Monday, May 7, 2012

Exclusive: Ex-Dewey executive director hires counsel: source

By Andrew Longstreth and Karen Freifeld

NEW YORK (Reuters) - Dewey & LeBoeuf has dismissed its executive director and he has retained a prominent criminal defense lawyer, a source close to the matter said, as the New York law firm suffered even more defections from its overseas offices.

Stephen DiCarmine, until recently one of the highest ranking executives at the firm, was terminated within the last week, the source said.

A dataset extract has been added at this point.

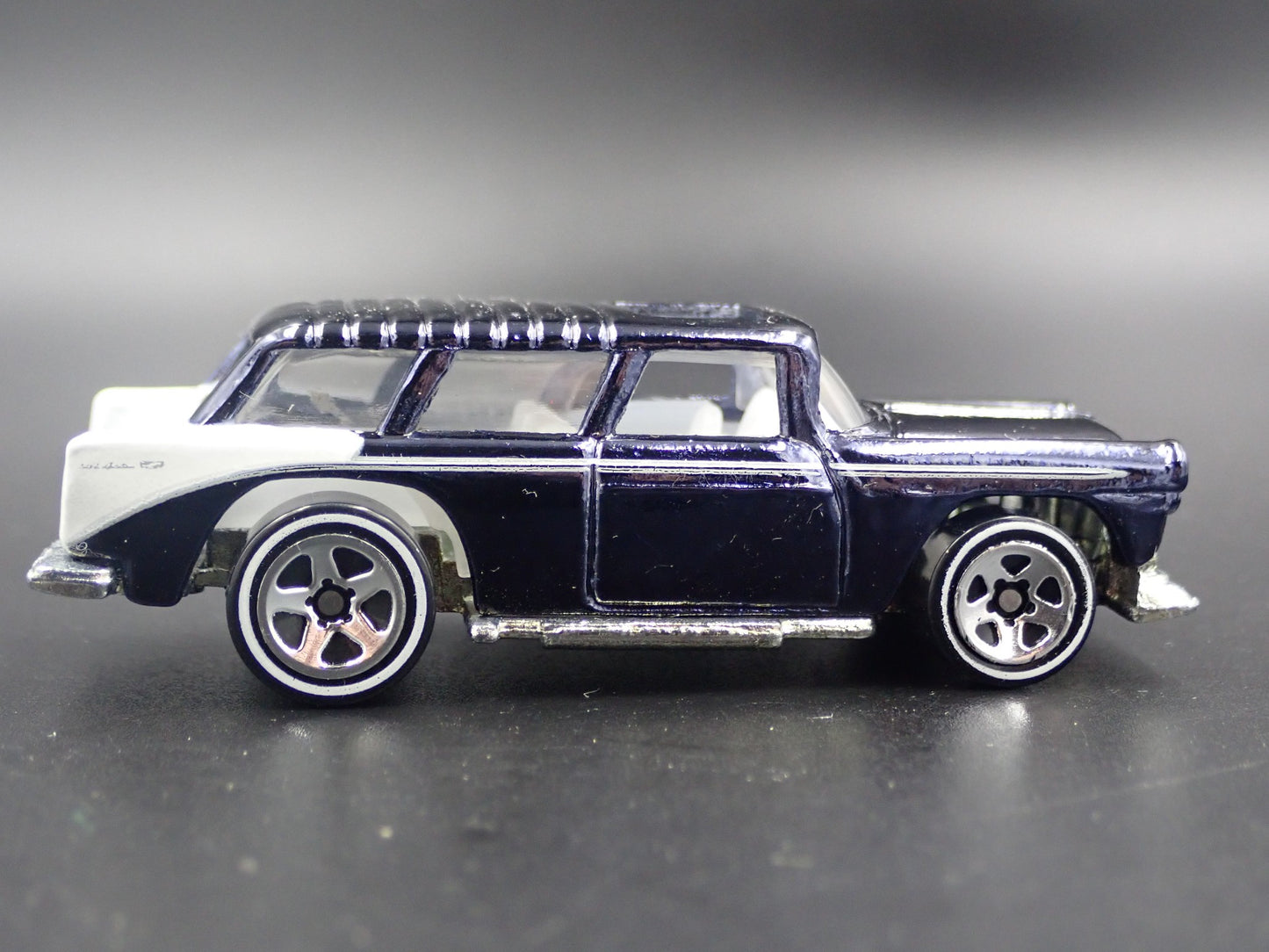 1955 55 CHEVY CHEVROLET NOMAD STATION WAGON BLUE 1:64 SCALE DIECAST MODEL CAR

Last week, the firm informed its partners that the New York District Attorney launched an investigation into allegations of wrongdoing by former Chairman Steven Davis.

No allegations of wrongdoing have been brought against DiCarmine. The reasons for his termination couldn't be determined. Davis has denied any wrongdoing and DiCarmine did not return phone calls seeking comment.

DiCarmine has hired Edward Little, a former federal prosecutor in Manhattan, according to the source, who declined to be named due to the sensitivity of the matter. Little, a partner at law firm Hughes Hubbard & Reed, declined to comment on whether he had been hired in connection with the DA probe.

The firing of DiCarmine is just the latest sign of the turmoil at Dewey & LeBoeuf, until recently among the top 20 largest law firms in the United States. Since January, the firm has lost some 120 of its 300 partners amid a mounting debt crisis. To date, the struggling firm has tried and failed to find a merger partner.

Defections from the firm spread oversees Friday, with a wave of departures in the UK, Germany, Kazakhstan, UAE and Russia.

DiCarmine, who the source said has been given about two weeks to leave the firm, has a long working history with former firm Chairman Davis. Before his role as executive director at Dewey, he had the same title at LeBoeuf, Lamb, Greene & MacRae where Davis was chairman before that firm merged with Dewey Ballantine in 2007.

On Friday, DiCarmine's name did not appear on the firm's website.